*Exercise*.
Only the lines of the data below from the one with "Pour OPPO A80" through the one with "PHOTOS: B17 Flying" are wanted. Repeat them exactly.

*Data excerpts*.
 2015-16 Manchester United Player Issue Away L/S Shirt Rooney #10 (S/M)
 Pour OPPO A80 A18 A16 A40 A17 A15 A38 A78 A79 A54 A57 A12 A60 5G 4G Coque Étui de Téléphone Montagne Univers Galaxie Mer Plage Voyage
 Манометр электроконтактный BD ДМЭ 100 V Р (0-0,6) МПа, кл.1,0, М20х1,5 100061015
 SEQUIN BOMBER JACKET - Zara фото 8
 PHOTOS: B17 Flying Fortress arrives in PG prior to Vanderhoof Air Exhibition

* * *

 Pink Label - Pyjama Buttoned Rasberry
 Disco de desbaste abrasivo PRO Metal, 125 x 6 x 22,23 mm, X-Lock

*Solution to the exercise*.
 Pour OPPO A80 A18 A16 A40 A17 A15 A38 A78 A79 A54 A57 A12 A60 5G 4G Coque Étui de Téléphone Montagne Univers Galaxie Mer Plage Voyage
 Манометр электроконтактный BD ДМЭ 100 V Р (0-0,6) МПа, кл.1,0, М20х1,5 100061015
 SEQUIN BOMBER JACKET - Zara фото 8
 PHOTOS: B17 Flying Fortress arrives in PG prior to Vanderhoof Air Exhibition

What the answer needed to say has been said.